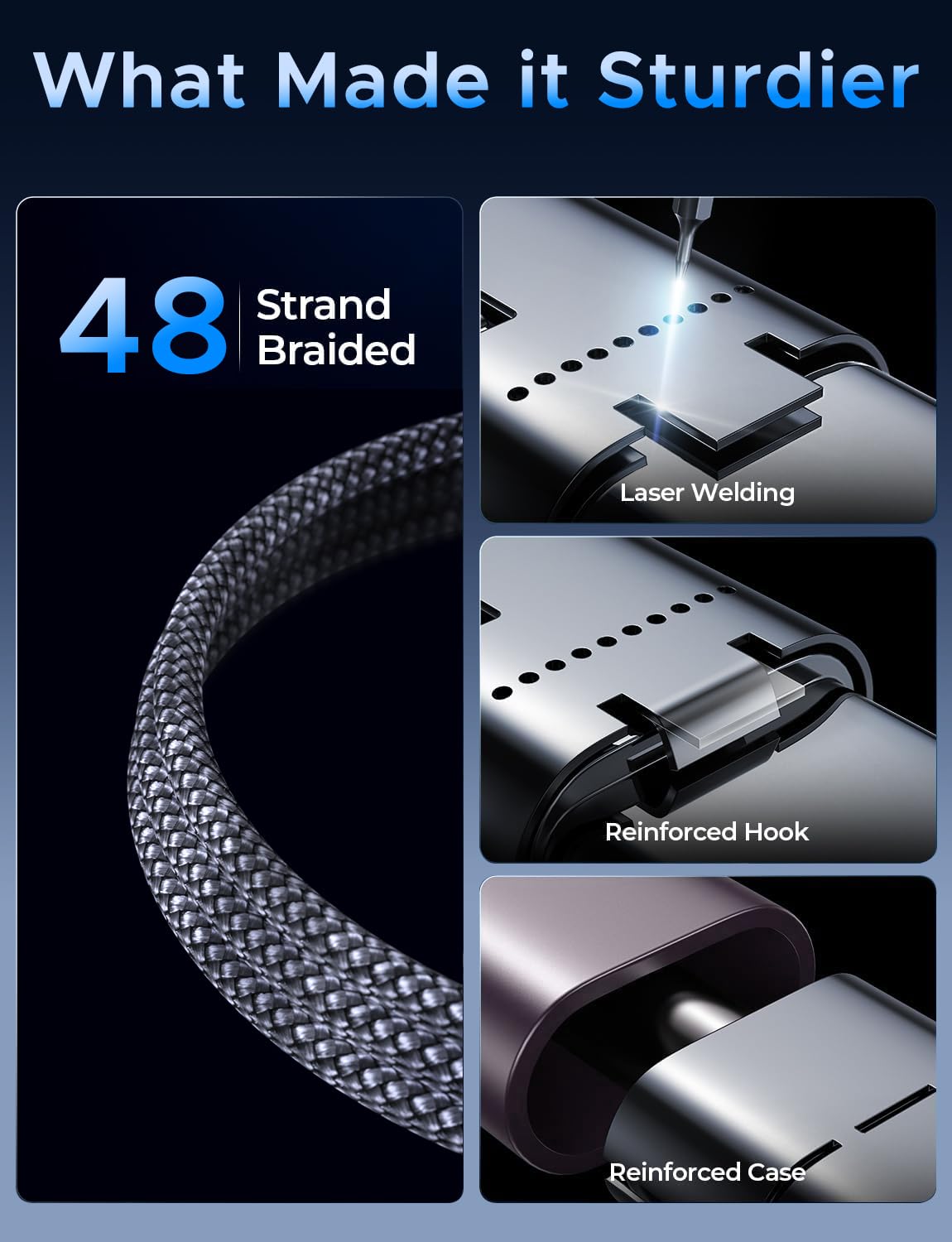 3-in-1 Fast Charging Cable for Apple Watch/iPhone/Samsung - 4FT Multi-Port USB C to Lightning & Magnetic Charger Compatible with iWatch Ultra/SE/10/9/8/7/6/5/4/3/2/1, iPhone 16/15/14/13/12 & Galaxy S23 - Perfect for Travel, Office & Home Charging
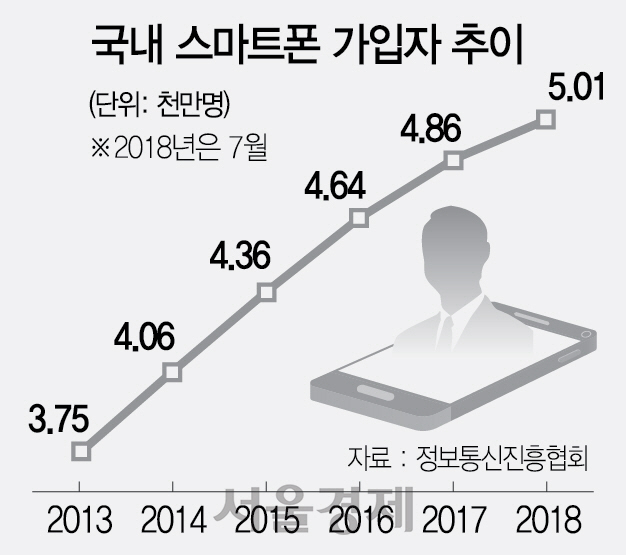 2715A14 국내 스마트폰 가입자 추이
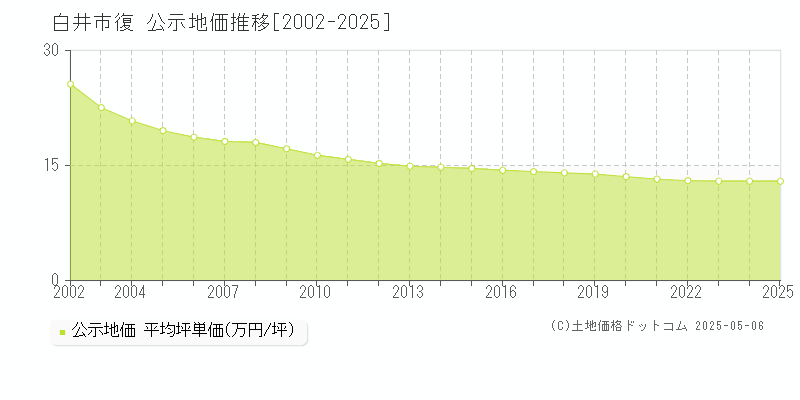 復(白井市)の公示地価推移グラフ(坪単価)[2002-2025年]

● ● ●

__Directions for this task__
Please copy the data above exactly; the pictures do not belong in the copy.

__Task solution__
 3-in-1 Fast Charging Cable for Apple Watch/iPhone/Samsung - 4FT Multi-Port USB C to Lightning & Magnetic Charger Compatible with iWatch Ultra/SE/10/9/8/7/6/5/4/3/2/1, iPhone 16/15/14/13/12 & Galaxy S23 - Perfect for Travel, Office & Home Charging
 2715A14 국내 스마트폰 가입자 추이
 復(白井市)の公示地価推移グラフ(坪単価)[2002-2025年]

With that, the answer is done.